● **Your assignment**
When you reach the line in the data below that contains "Renault Austral 1.2", please start repeating lines exactly, and stop after the line that contains "205 Harris Street, Harrisburg, PA", repeating nothing else.

● **Exercise data**
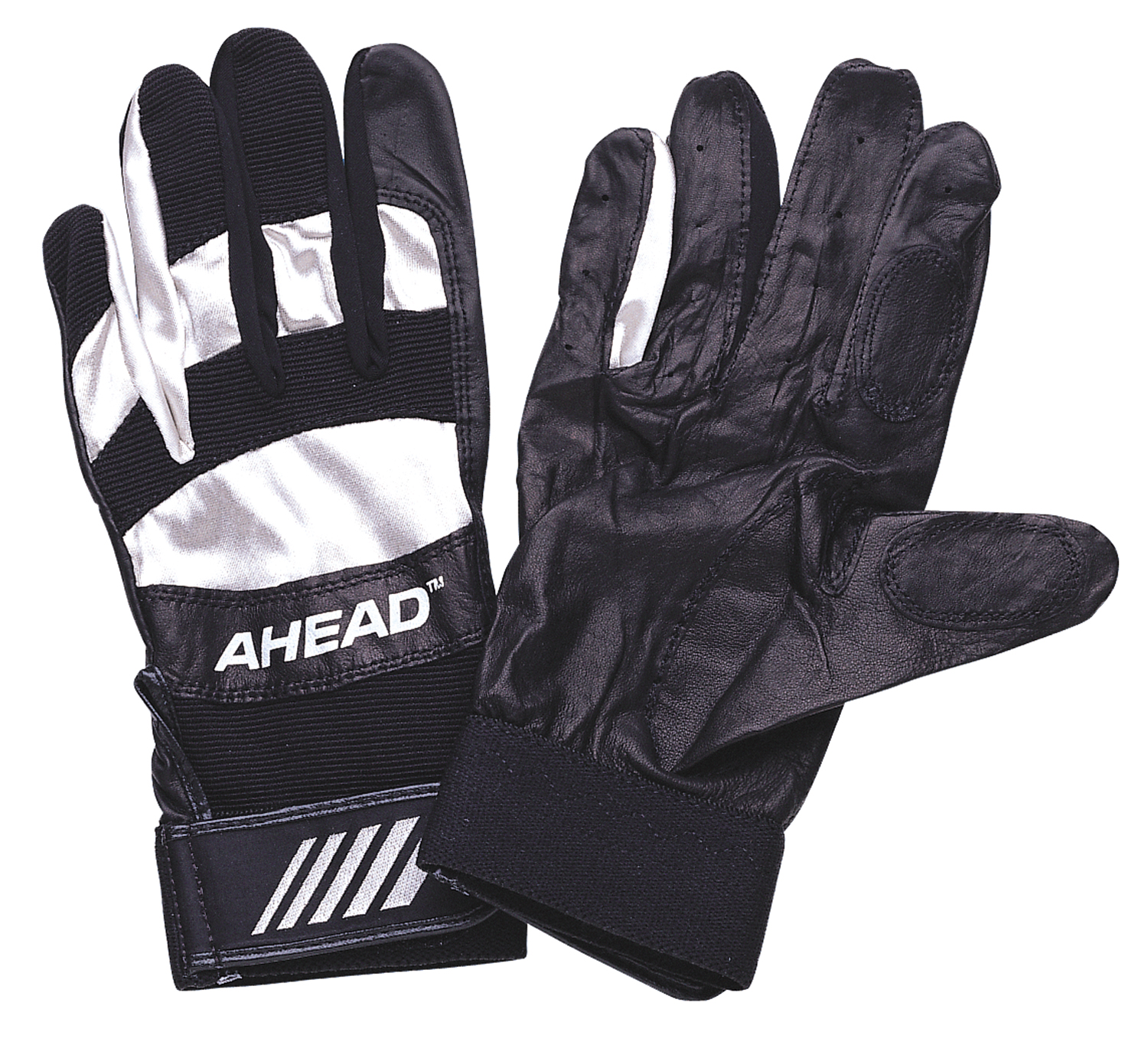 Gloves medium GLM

--

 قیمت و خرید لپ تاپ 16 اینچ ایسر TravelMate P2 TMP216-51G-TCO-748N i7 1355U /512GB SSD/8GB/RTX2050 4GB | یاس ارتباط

* * *

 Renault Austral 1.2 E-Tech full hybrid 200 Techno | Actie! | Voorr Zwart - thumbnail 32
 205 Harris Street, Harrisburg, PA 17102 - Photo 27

● **Written reply**
 Renault Austral 1.2 E-Tech full hybrid 200 Techno | Actie! | Voorr Zwart - thumbnail 32
 205 Harris Street, Harrisburg, PA 17102 - Photo 27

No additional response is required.